# Farm trucks.



## CROWEmtnFARMS (Jan 3, 2014)

What does everybody drive for a farm truck. 

2013 ram 3500 4x4 max payload cummins. BEAST. 30,000lb pullin rate. Sometimes i think its part semi. But ill always bleed Ford blue. Nothin like a built ford tough


----------



## aidan (Jan 7, 2014)

We use a ford 350 v 10


----------



## RanchWife (Jan 31, 2014)

96 f-250, and a 01 silverado.....the ford has issues, the inside door handle takes a trick to open, and the handle is a scrap piece of steel, there's a nail stuck in the hazard light button that I'm scared to remove, and it takes a hammer and screwdriver to pop the hood. But it's a cake truck and takes constant abuse from cows. The speedometer is stuck at 50,000 miles.


----------



## CROWEmtnFARMS (Jan 3, 2014)

Thats the way a farm truck should be


----------



## Fairfarmhand (Dec 4, 2013)

We have a Ford f250 diesel. It has over 325,000 miles on it and my dh drives it to work every day.  (at least until our little car is repaired. We save 200 a month when he drives the car vs. driving the diesel)


----------



## RanchWife (Jan 31, 2014)

Fairfarmhand said:


> We have a Ford f250 diesel. It has over 325,000 miles on it and my dh drives it to work every day.  (at least until our little car is repaired. We save 200 a month when he drives the car vs. driving the diesel)

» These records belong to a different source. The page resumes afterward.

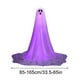 thumbnail image 3 of Decoraciones de Halloween, adornos de Halloween, regalos de Halloween, luces decorativas fantasma de Halloween, luces fantasma para patio, fiestas, adornos de jardín, colgante fantasma, 3 of 6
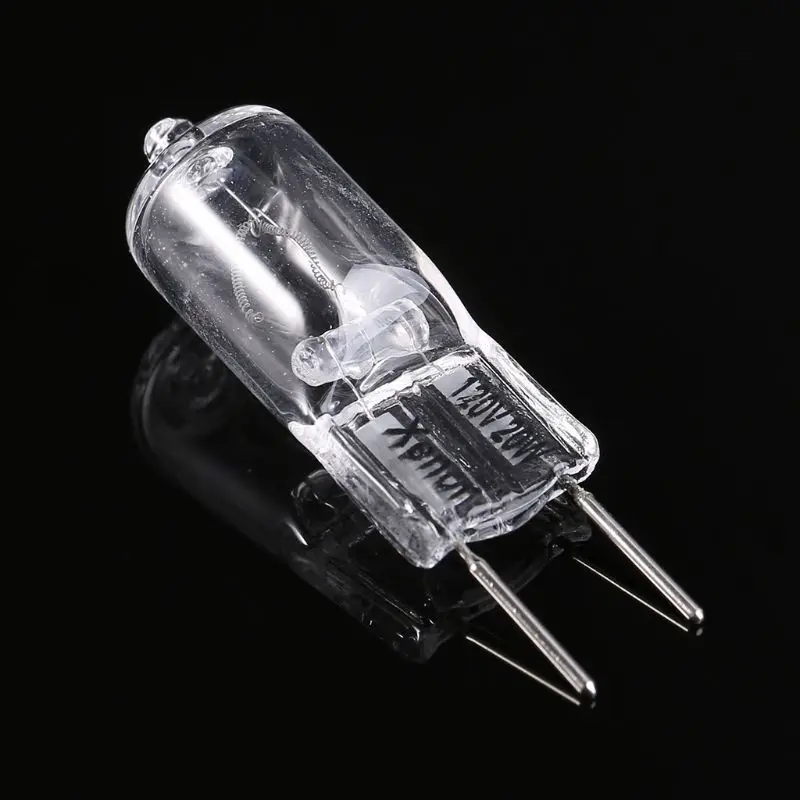 1 PC Base JCD Halogen Bi-pin Landscape Light Bulbs Lamps 20 Watt 20w White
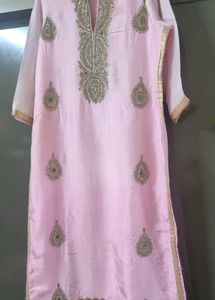 Silk Kurta Set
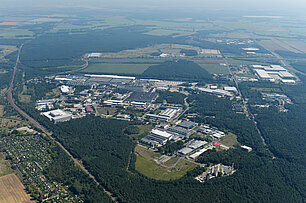 Industriepark Ost in Ludwigsfelde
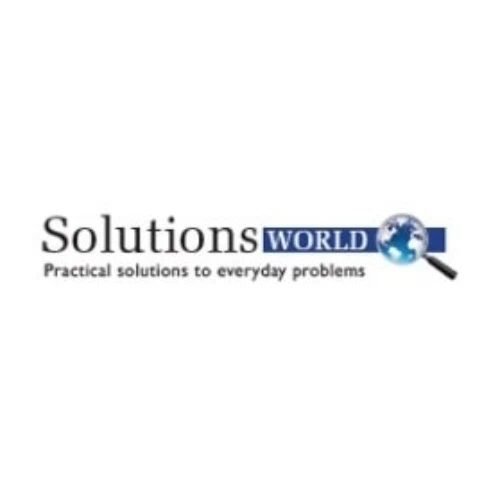 20% Off Solutions World Discount Code, Coupons April 2026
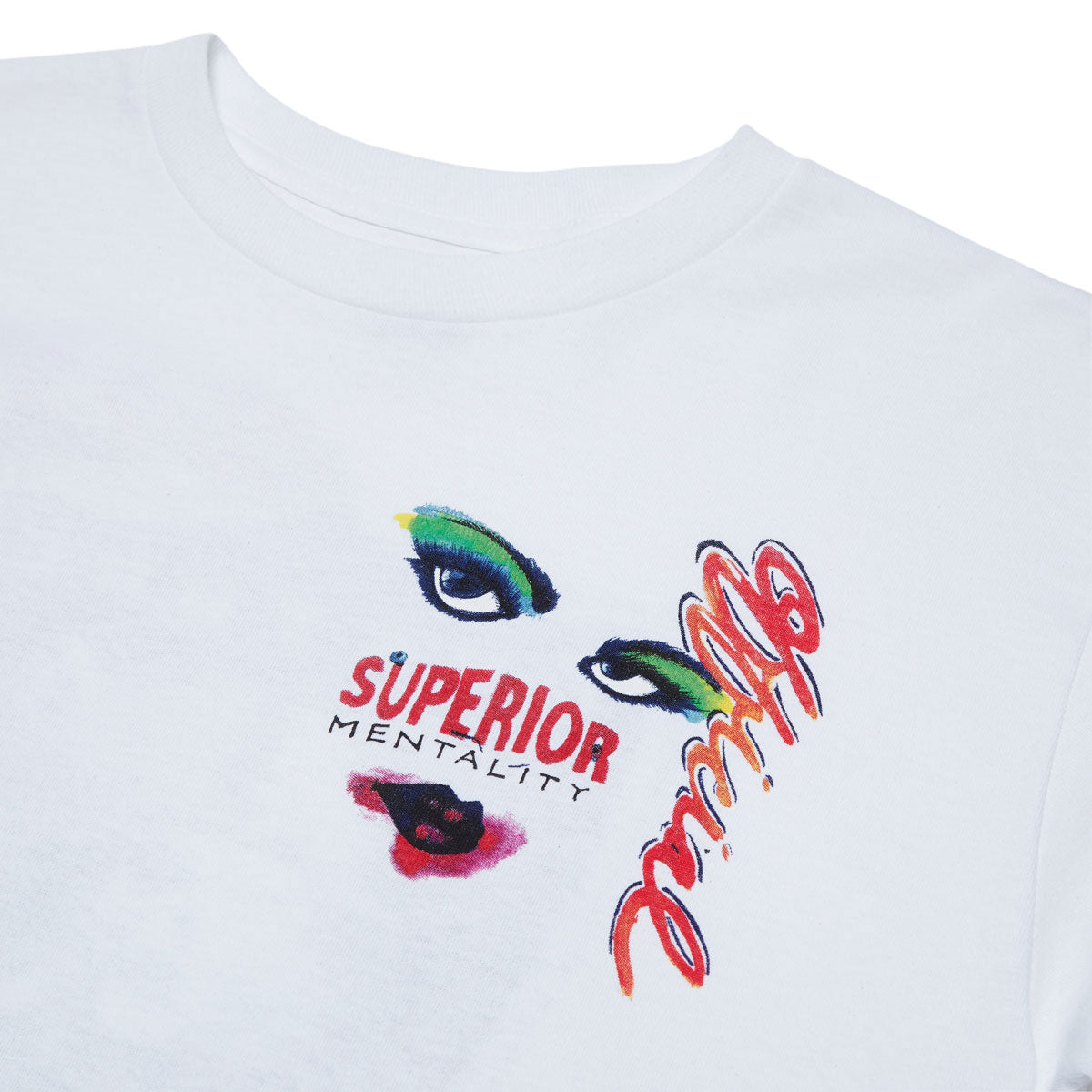 Chocolate Art Official Long Sleeve T-Shirt - White image 3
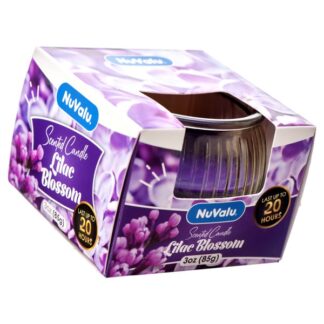 Nuvalu Candle Tumbler 3 Oz Lilac Blossom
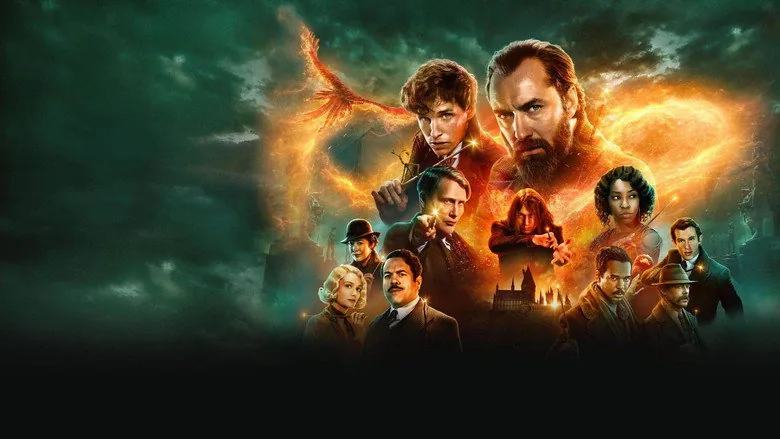 Fantastik Canavarlar 3: Dumbledore'un Sırları sahne 5
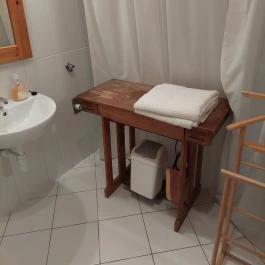 Luca Háza Panzió, Feketeerd? - Fürdőszoba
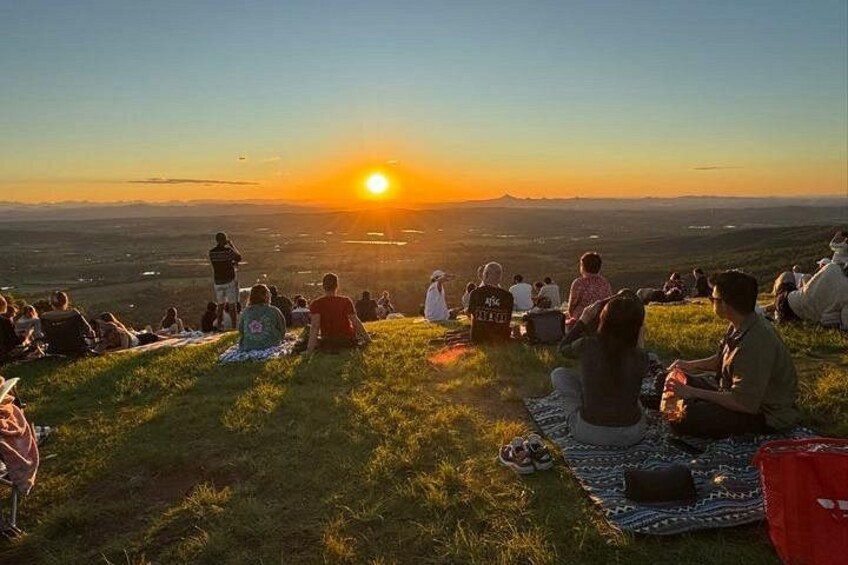 Brisbane/Gold Coast: Sunset, Dinner, Stars/Premium Telescope 3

325,000! Impressive! We have a "ranch car" for fuel efficient trips. It was a nice car but became ranch car when I accidentally took it off roading through a five wire barbed wire fence and relieved the fence of a couple few post. Husband was not happy with me.


----------



## Krooked_S (Nov 4, 2013)

I use a 93 f250 5 speed diesel with 300 plus on it. That thing has so many dints on it and doesn't look like much but it gets the job done and I don't worry about scratches or hitting something in it


----------



## stephan (Dec 26, 2013)

I drive a 1999 Chevy 3500 gas with duel. To open the drivers door I need to open the window. It costs me close to $400 on fuel a month to drive 6 miles 5 days a week. The back lights do not work. Fuse keeps going, put it drives.


----------